[Input records Boundary: Start]
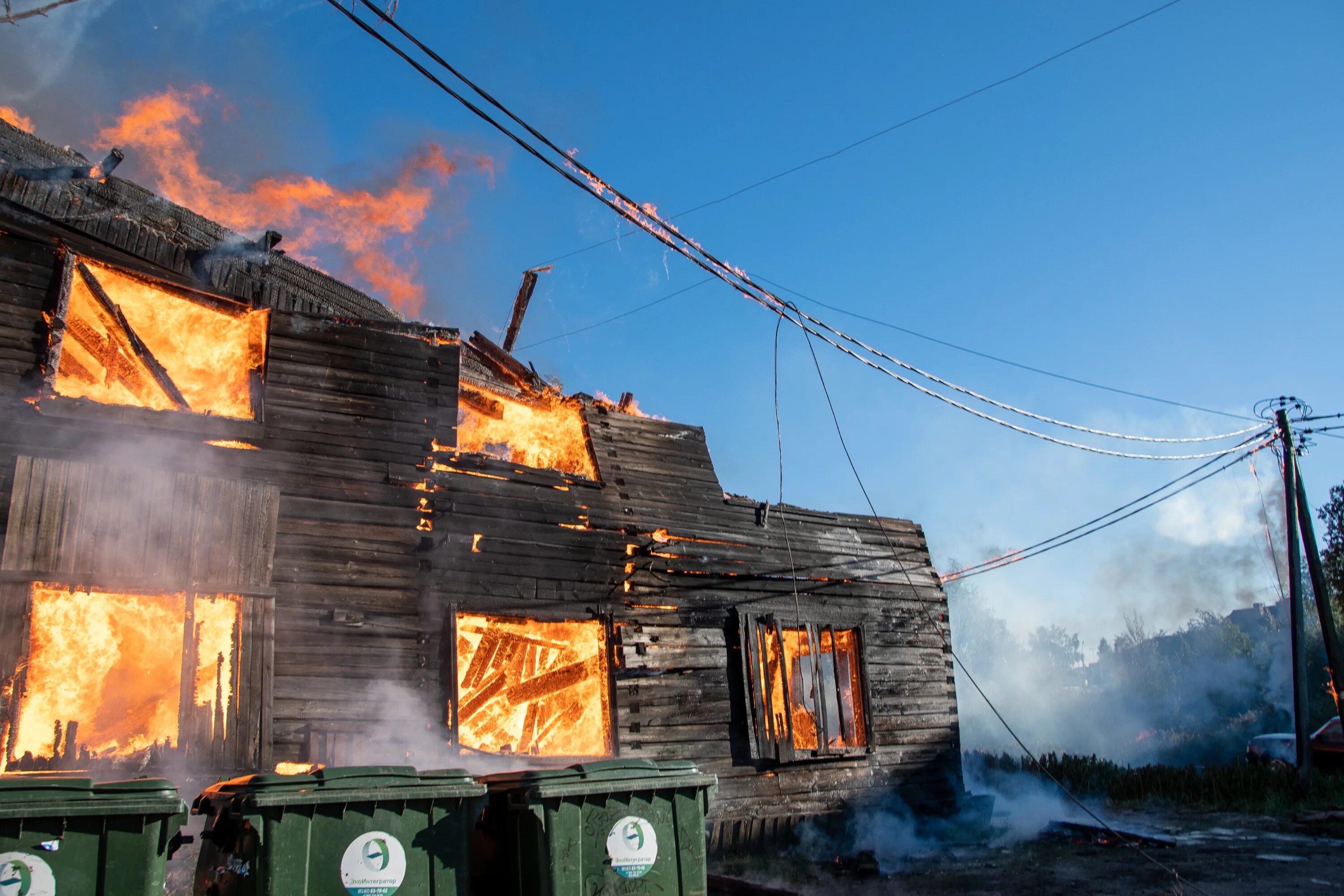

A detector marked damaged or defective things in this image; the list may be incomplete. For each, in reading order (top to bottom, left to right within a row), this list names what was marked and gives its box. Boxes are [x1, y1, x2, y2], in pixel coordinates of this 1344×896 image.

broken window frame [40, 251, 269, 428]
broken window frame [443, 609, 620, 756]
broken window frame [742, 616, 878, 763]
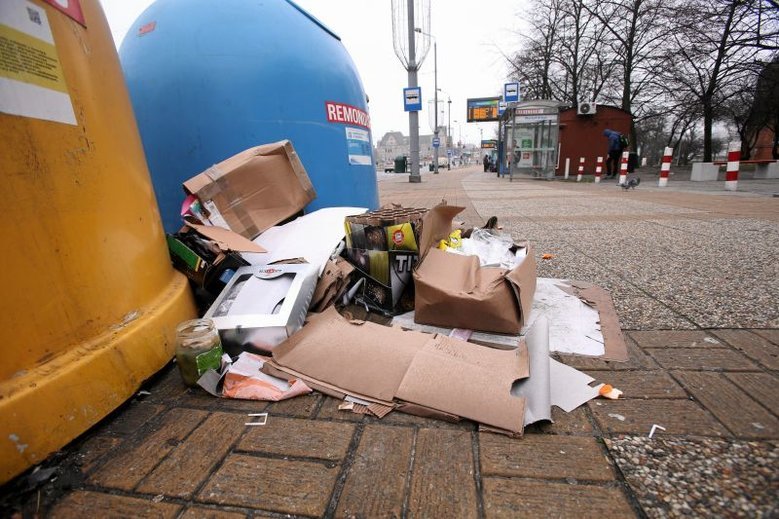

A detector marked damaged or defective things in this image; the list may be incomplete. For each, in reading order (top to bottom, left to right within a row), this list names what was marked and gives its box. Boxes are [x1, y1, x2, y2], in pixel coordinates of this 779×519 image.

torn cardboard [184, 141, 316, 241]
torn cardboard [414, 203, 536, 334]
torn cardboard [266, 308, 532, 434]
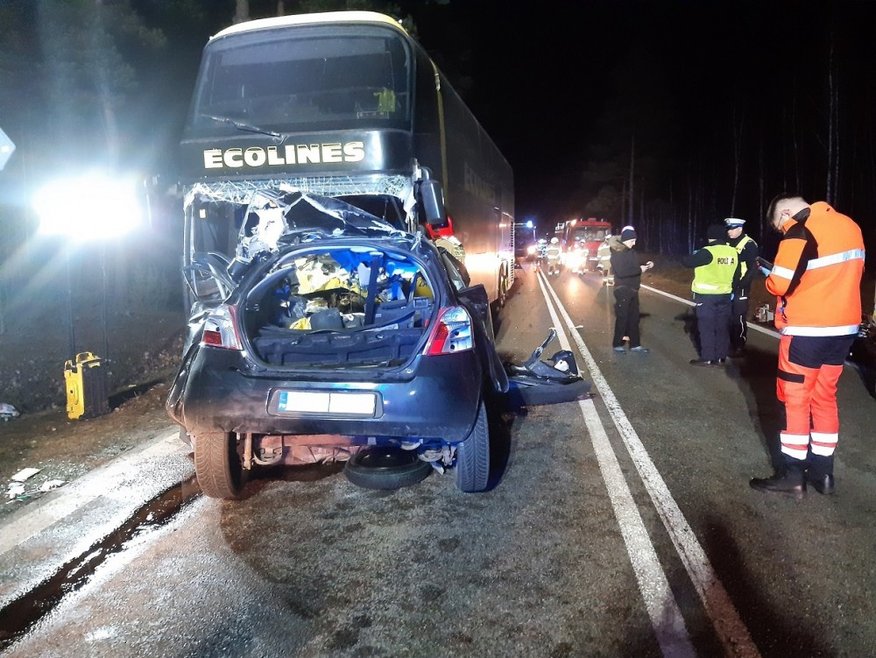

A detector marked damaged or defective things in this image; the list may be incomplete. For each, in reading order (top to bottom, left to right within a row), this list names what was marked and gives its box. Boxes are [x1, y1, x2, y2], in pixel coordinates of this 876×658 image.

broken rear windshield [186, 24, 412, 135]
severely damaged car [164, 187, 588, 494]
detached car wheel [192, 430, 245, 498]
detached car wheel [346, 446, 434, 486]
detached car wheel [456, 400, 490, 492]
[Input records Boundary: End]
→ Instructions for the task:
Please repeat every record above exactly, but leave out the pictures.

→ Exercise solution:
A detector marked damaged or defective things in this image; the list may be incomplete. For each, in reading order (top to bottom, left to right within a row), this list names what was marked and gives its box. Boxes are [x1, y1, x2, y2], in pixel coordinates of this 1344×896 image.

broken window frame [40, 251, 269, 428]
broken window frame [443, 609, 620, 756]
broken window frame [742, 616, 878, 763]

A detector marked damaged or defective things in this image; the list may be incomplete. For each, in reading order (top to bottom, left to right within a row), this list names what was marked and gives its box. Boxes are [x1, y1, x2, y2], in pixel coordinates of this 779×519 image.

torn cardboard [184, 141, 316, 241]
torn cardboard [414, 203, 536, 334]
torn cardboard [266, 308, 532, 434]

A detector marked damaged or defective things in this image; the list may be incomplete. For each, in reading order (top to bottom, left to right within a row), this list names what was marked and gives its box. Boxes are [x1, y1, x2, y2], in pixel coordinates of this 876×658 image.

broken rear windshield [186, 24, 412, 135]
severely damaged car [164, 187, 588, 494]
detached car wheel [192, 430, 245, 498]
detached car wheel [346, 446, 434, 486]
detached car wheel [456, 400, 490, 492]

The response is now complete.